Auch die deutsche Seite profitiert von dem
Besuch der Teilnehmer/innen in China (siehe Reisebericht) und in Deutschland. Neben
dem Erlernen von fremdsprachlicher und interkultureller Kompetenz in der Zusammenarbeit
mit ausländischen Kolleginnen und Kollegen, werden das Fachwissen und das
Verständnis für unterschiedliche
Problematiken erweitert. Bestehende Vorurteile können abgebaut werden.

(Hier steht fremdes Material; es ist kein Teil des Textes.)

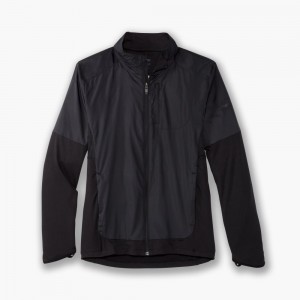 Capispalla Uomo Brooks Fusion Hybrid Jacket Nere | 957184-VCE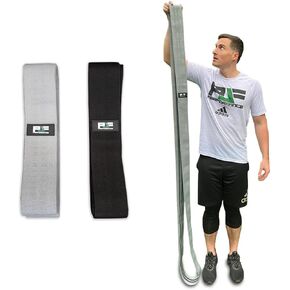 76 Inch Extended-Length Fabric Resistance Bands - Heavy Duty Strength, Mobility, and Plyometric Equipment for Pro-Level Exercises Ultimate Performance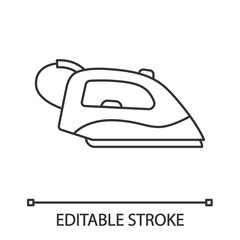 Steam iron linear icon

Die Entwicklung in China wird unabhängig von der Zusammenarbeit mit der
Stadt Hilden zügig fortschreiten. Die Lebenssituation der Menschen und auch deren
Lebensumfeld und Umwelt sind Themen, die uns am Herzen liegen sollten,
insbesondere im Hinblick auf unsere Überlegungen zur Verantwortung von Ländern
und Kommunen in der entwickelten Welt für die Menschen in Entwicklungs- und
Schwellenländern. Diese Themen bleiben aber bei dem rasanten Entwicklungstempo
des Landes leicht auf der Strecke. So wird bei einer Analyse der chinesischen
Umweltsituation sehr schnell deutlich, dass lokale Aktivitäten
gegen den Klimawandel ein geeigneter „Exportartikel“ sein könnten, und
dies im Interesse aller. Die Gelegenheit sollte ergriffen werden, unsere
Erfahrungen einzubringen. Im Besonderen bei der den Bedürfnissen der Menschen
entsprechenden Verbesserung der Lebensumstände und in der Planung und Umsetzung
von verstärktem Umweltschutz. Unser Wissen und unsere Erfahrungen können nicht
„eins zu eins“ von Deutschland nach China übertragen werden, das wurde auch
durch den Besuch vor Ort deutlich.
Wissen und Erfahrungen können aber eine wichtige Grundlage für positive
Entwicklungen sein und dabei helfen, Fehler zu vermeiden oder negative
Auswirkungen einzudämmen. Die Bereitschaft unserer Gesprächspartner zur
vertrauensvollen Zusammenarbeit sollte genutzt werden.